ACTIVITY => With pictures omitted, transcribe exactly the lines from the one containing "Burger de bœuf express & sauce à l’ail noir" to the end of the records below.

Records contained in a dataset:
######
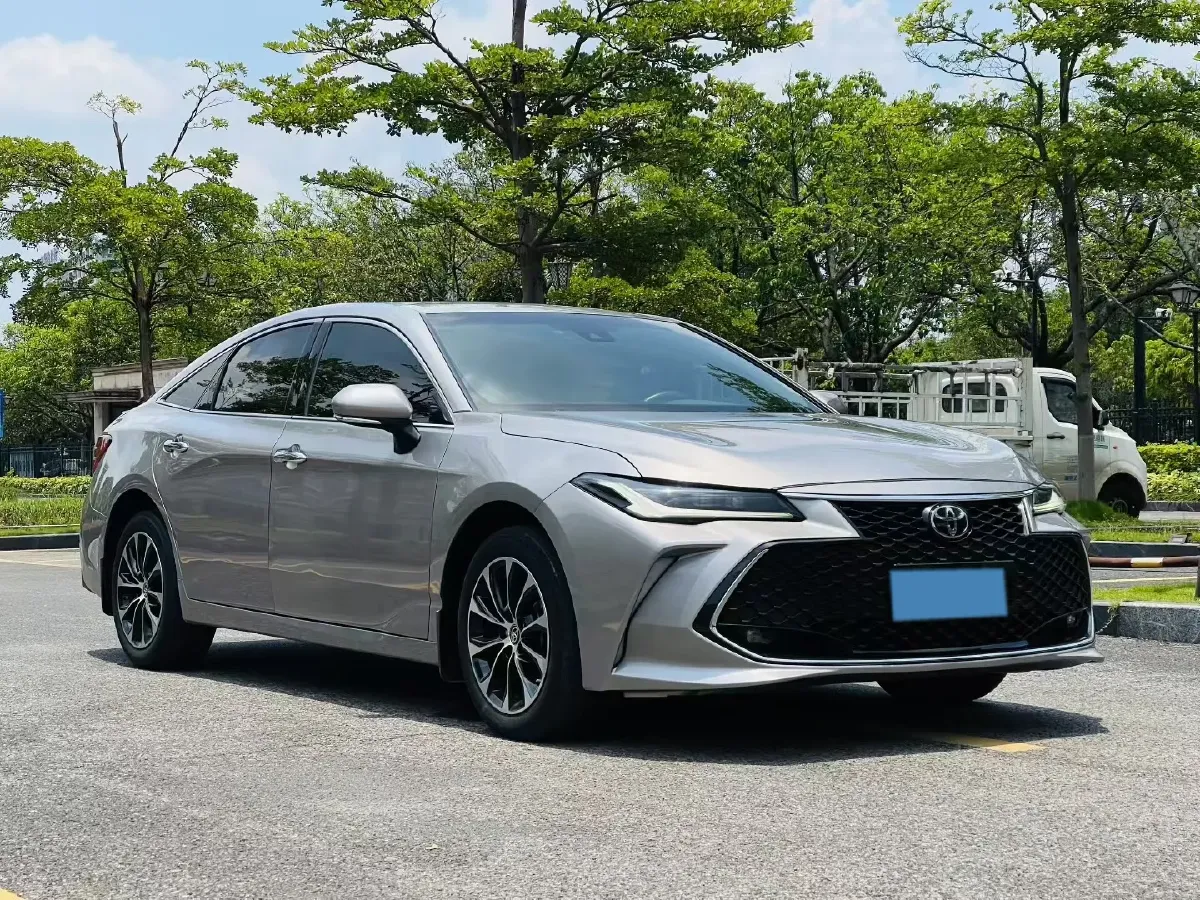 2022 Toyota Avalon 2.5L 209HP L4 8AT,autocango,china used car exporter,china ev exporter,chinese used car exporter,chinese used ev exporter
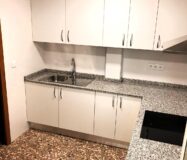 Квартира с балконом в Сан-Висенте, 3 комнаты, 82 кв.м.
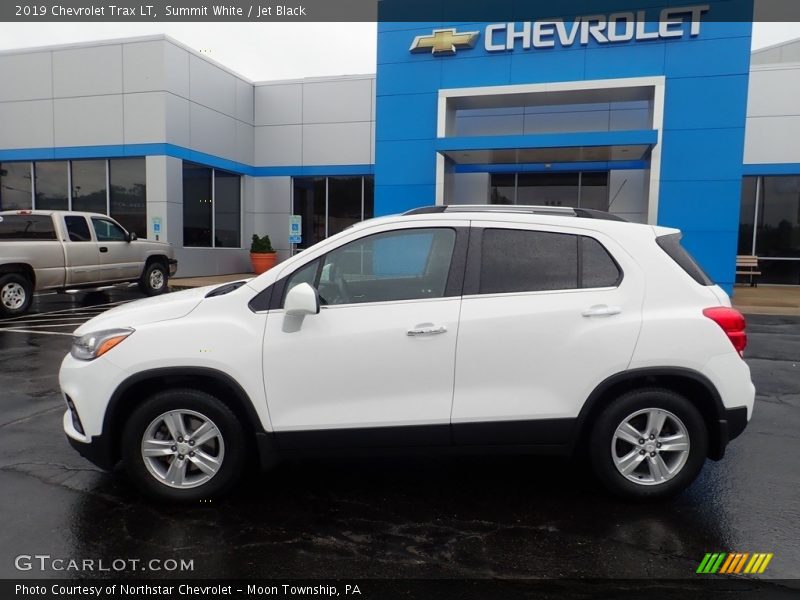 Summit White / Jet Black 2019 Chevrolet Trax LT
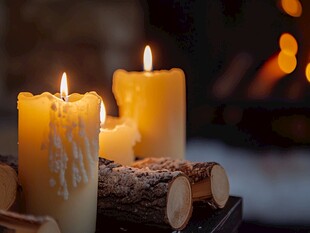 温暖烛光下的原木装饰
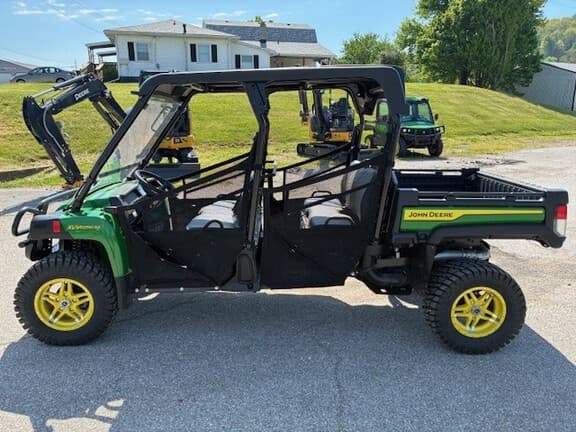 Image of John Deere Gator XUV 825i S4 equipment image 3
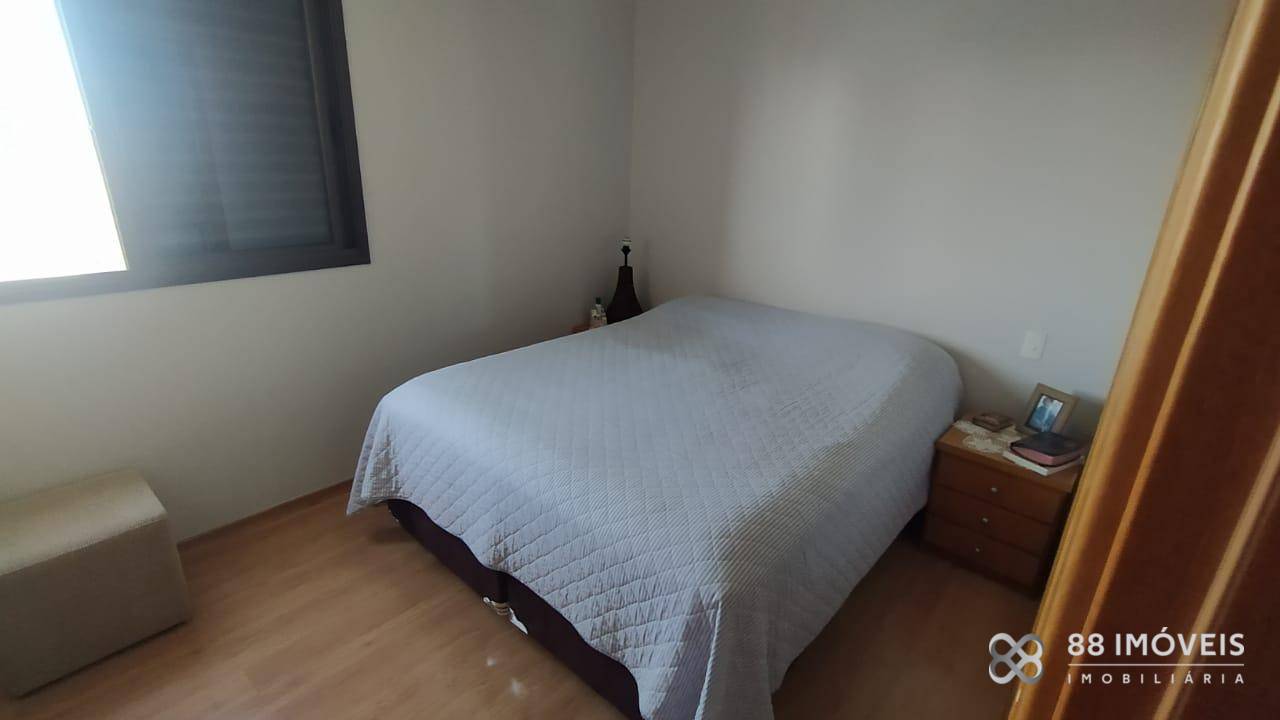 Apartamento à venda com 3 quartos, 87m² - Foto 15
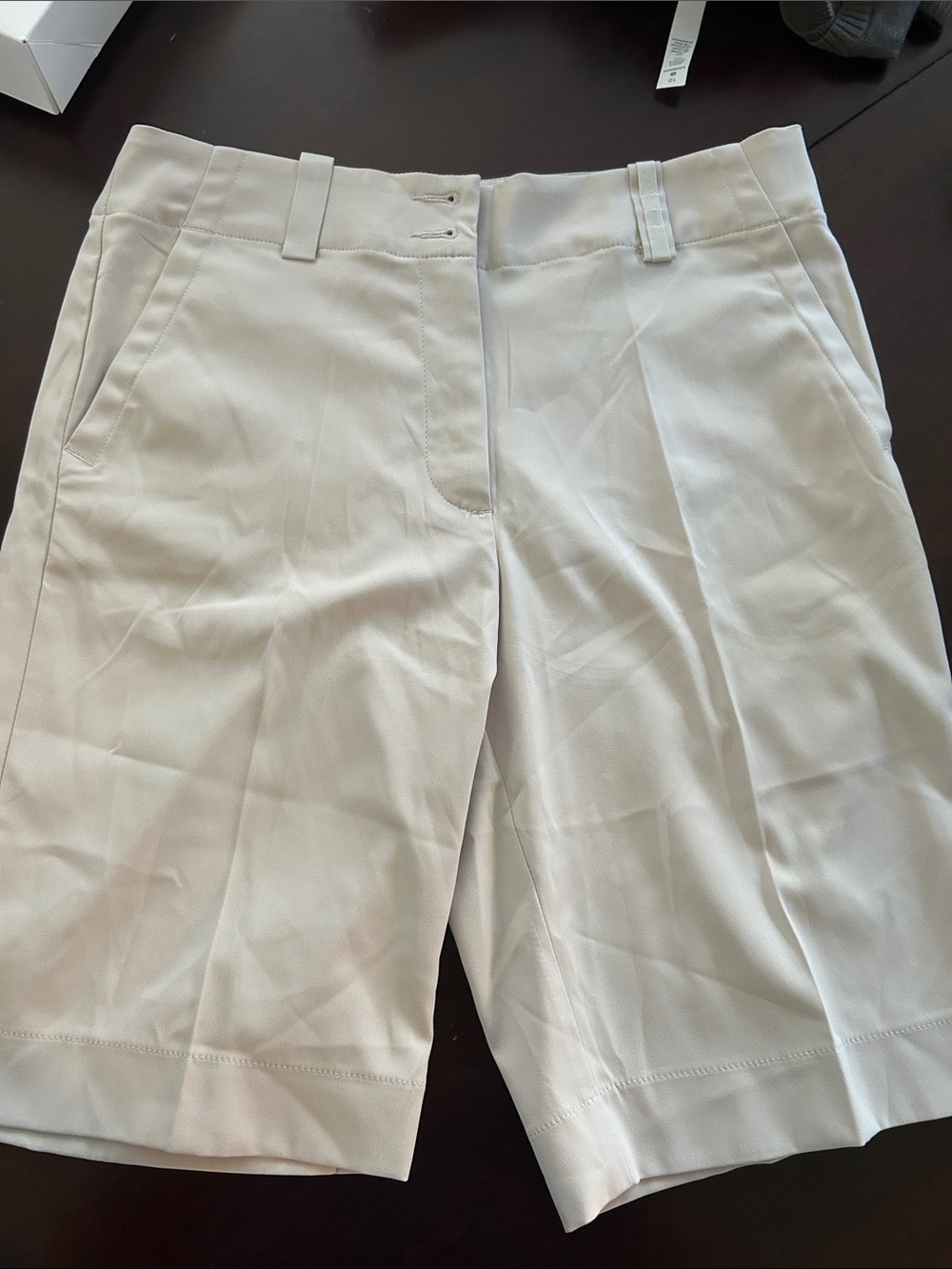 Nike women’s off White Flat-Front Golf Shorts size 6
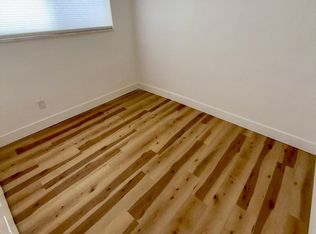 3065 S Commerce Rd APT 13, Walled Lake, MI 48390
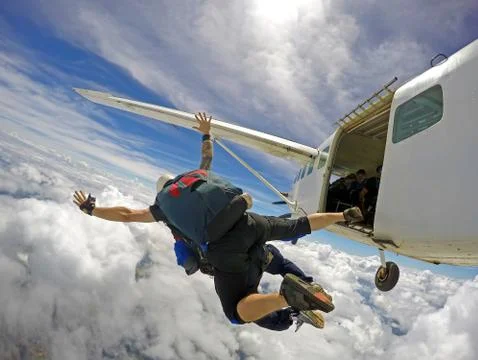 Skydiving tandem cloud day Stock Photos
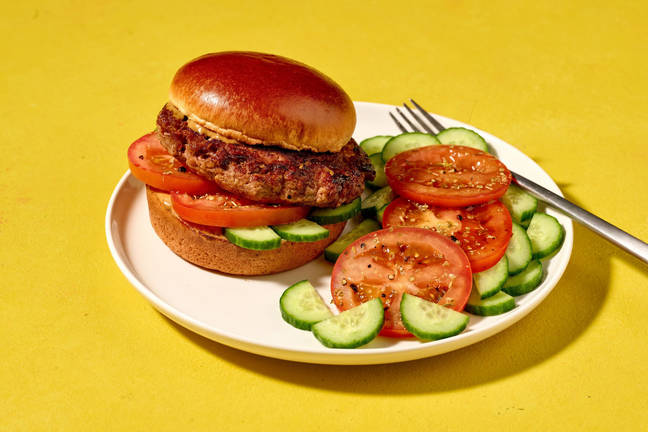 Burger de bœuf express & sauce à l’ail noir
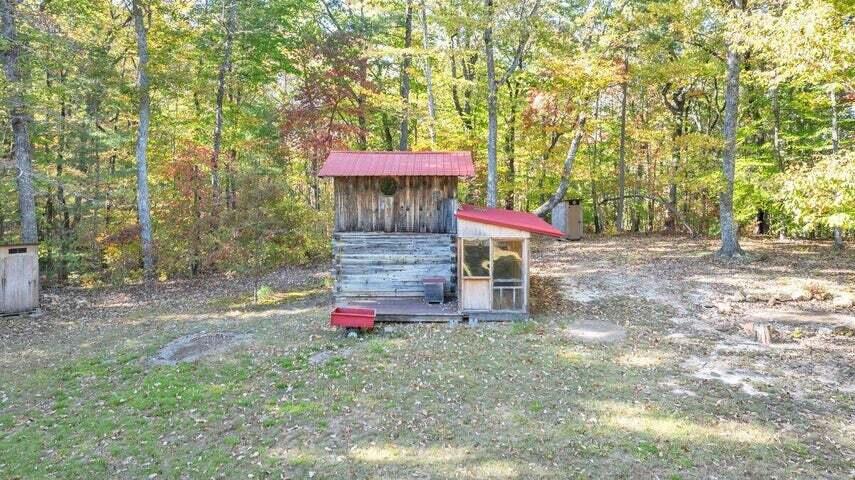 0 Six Mile Post Road Callaway, VA 24067 - Photo 26 of 73 a backyard of a house with table and chairs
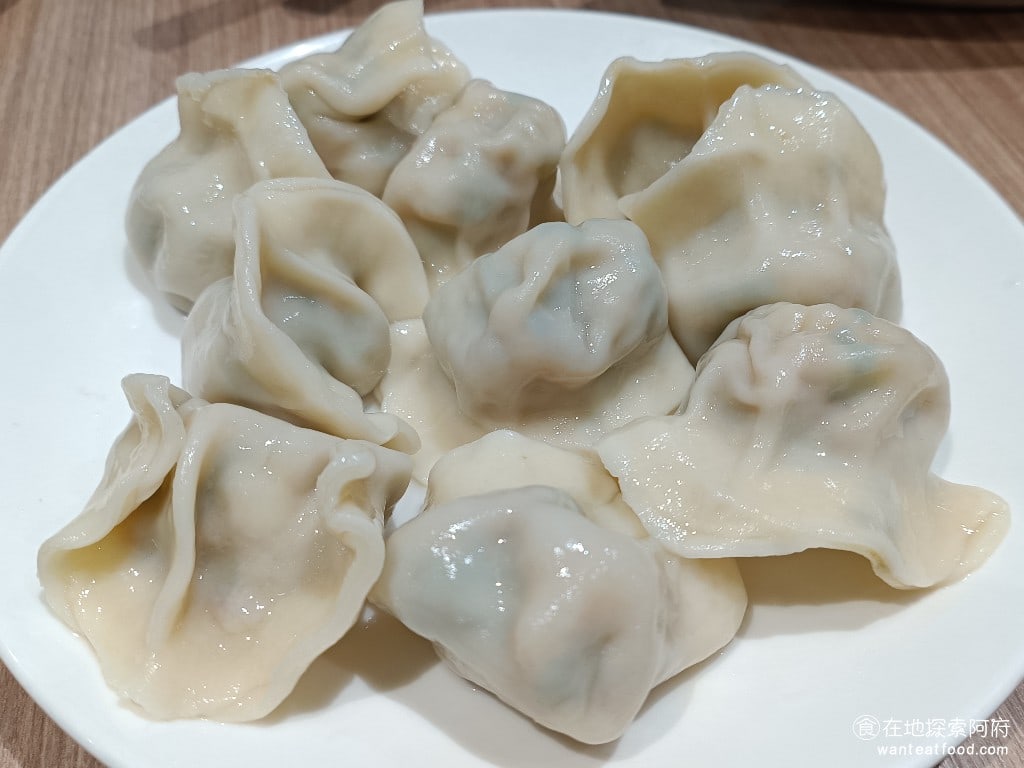 餡老滿內湖店,餡老滿內湖店菜單,餡老滿內湖店價格,內湖區美食,內湖美食,內湖美食,中式料理,水餃,,炸醬麵 老滿餃子10顆150元 @在地探索的阿府美食世界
######
OUTPUT FOR THIS EXERCISE =>
 Burger de bœuf express & sauce à l’ail noir
 0 Six Mile Post Road Callaway, VA 24067 - Photo 26 of 73 a backyard of a house with table and chairs
 餡老滿內湖店,餡老滿內湖店菜單,餡老滿內湖店價格,內湖區美食,內湖美食,內湖美食,中式料理,水餃,,炸醬麵 老滿餃子10顆150元 @在地探索的阿府美食世界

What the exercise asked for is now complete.